Many a reader who has followed us but hesitatingly into regions that seemed to him at the beginning of doubtful moral value, will be perhaps surprised to see us conclude our investigations with this same question. But I am sure we will do it with good profit, since in doing so we shall have the chance to hear many a sermon of Doctor Martinus Luther, whose moral force we children of the twentieth century would love to dig out of his writings if its gold did not seem to us so hopelessly buried under the sand of antiquated dogmatical quarrels.
The tavern sign has its moral lesson for all concerned, guests and landlords alike. From its modest and unknown creators the modern artist too may receive many a valuable inspiration. When the poet Seume, in December, 1801, started from Grimma in Saxony on his long pilgrimage to Syracuse, his way seems to have led him soon to a knightly George, who fights the dragon in all Christian lands, over many a tavern door for centuries and whom Shakespeare celebrated in the verses:—
“St. George that swindg’ed the Dragon, and e’er since
Sits on his horseback at mine hostess’ door.”

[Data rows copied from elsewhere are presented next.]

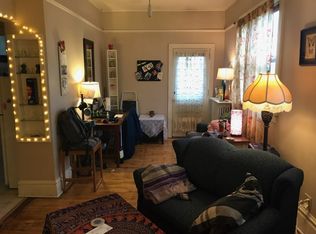 24 N 4th St #B, Madison, WI 53704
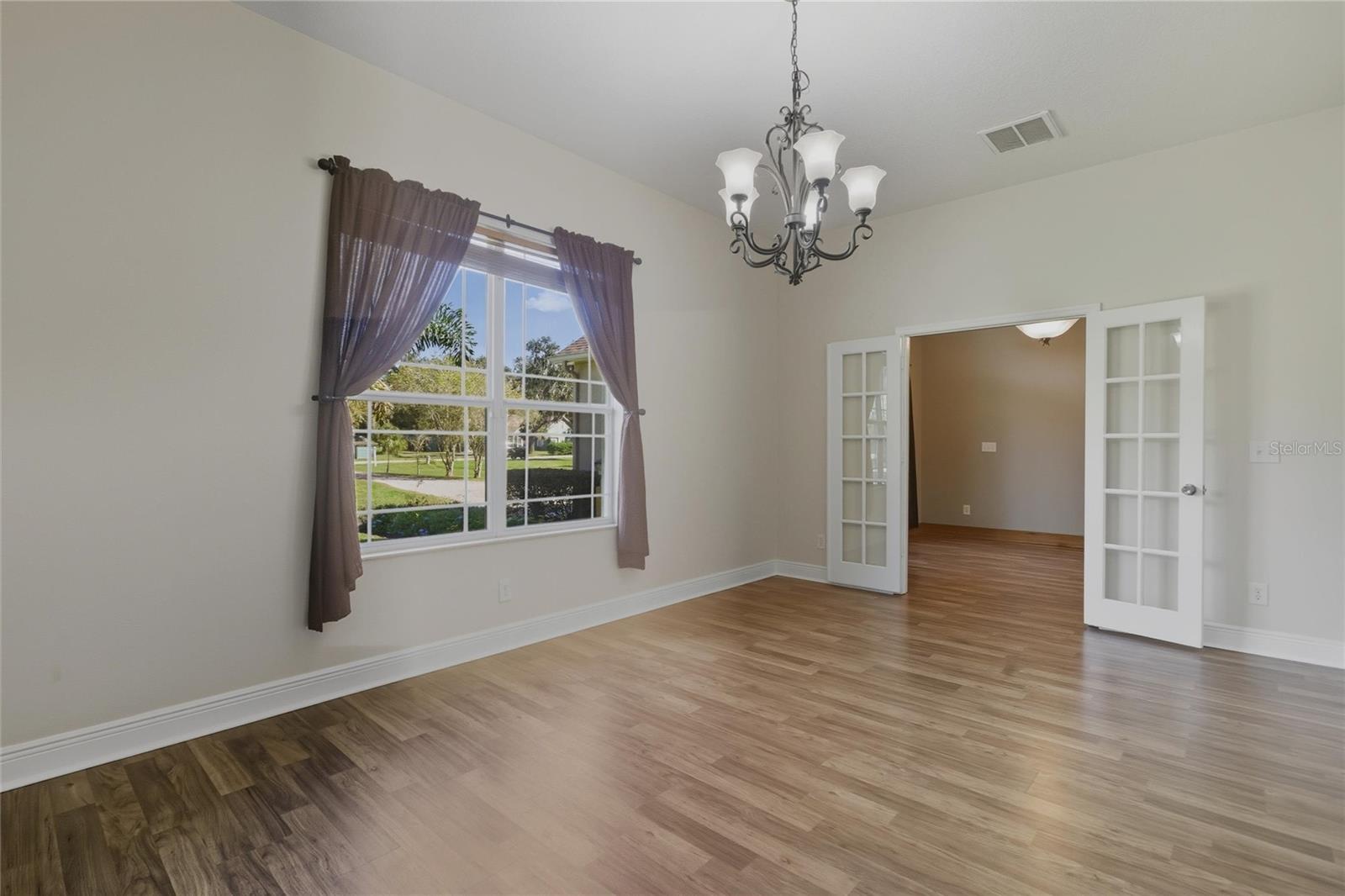 MAGNOLIAS AT DAWN - Residential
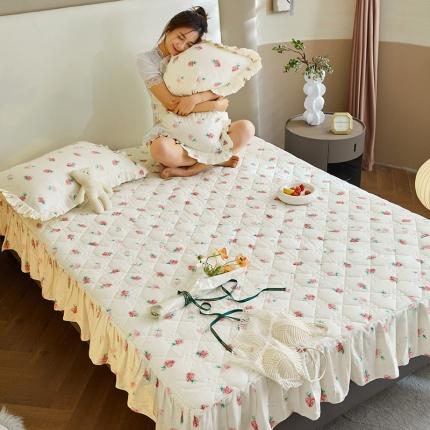 91家纺网 家纺一手货源 找家纺 （总）铭动花边印花全棉大豆纤维单床笠纯棉床裙式夹棉绗缝床笠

Looking at the great green beast our romantic pilgrim prayed: “May heaven grant me honest, friendly landlords and polite guardians at the city gates from Leipzig to Syracuse!” In those old days when the gate was dangerously near the tower and its dungeon, it was indeed of the highest importance to find polite officials at the city gates; just as we might sometimes pray to-day for polite customs officials, the successors of the old grumpy watchmen who guarded the city entrance and wrote the newcomer’s name in their big books. Still more important, too, is it for the modern traveler to find friendly landlords. They seem as in the old days a gift from heaven, for which we must pray and which we cannot buy. Truly many travelers seem to think a full purse buys everything, but they forget the old truth which Charles Wagner, in his book “La vie simple,” has expressed rightly in the following sentence: “Le travail d’un homme n’est pas une marchandise au même titre qu’un sac de blé ou un quintal de charbon. Il entre dans ce travail des éléments qu’on ne peut évaluer en monnaie.” And just these fine elements in the work of a landlord and his servants which we cannot weigh or pay for make the simplest inn so homelike and cozy. A good landlord does not need to fear even Death, who seems to seize only the dishonest one, if we believe the author of a “Dance of Death” from the fifteenth century in the Stuttgarter Hofbibliothek. In a few forceful lines the old artist traces the figure of the bad landlord sitting behind his counter and trying to win the good favors of the uncanny musician Death, by offering him a great stein of beer and humbly confessing: “Against God and against law I sought to win earthly goods, taking money unjustly from knights and peasants as a robber does. Oh, if I only should not die now, I could hope to improve and to win grace.”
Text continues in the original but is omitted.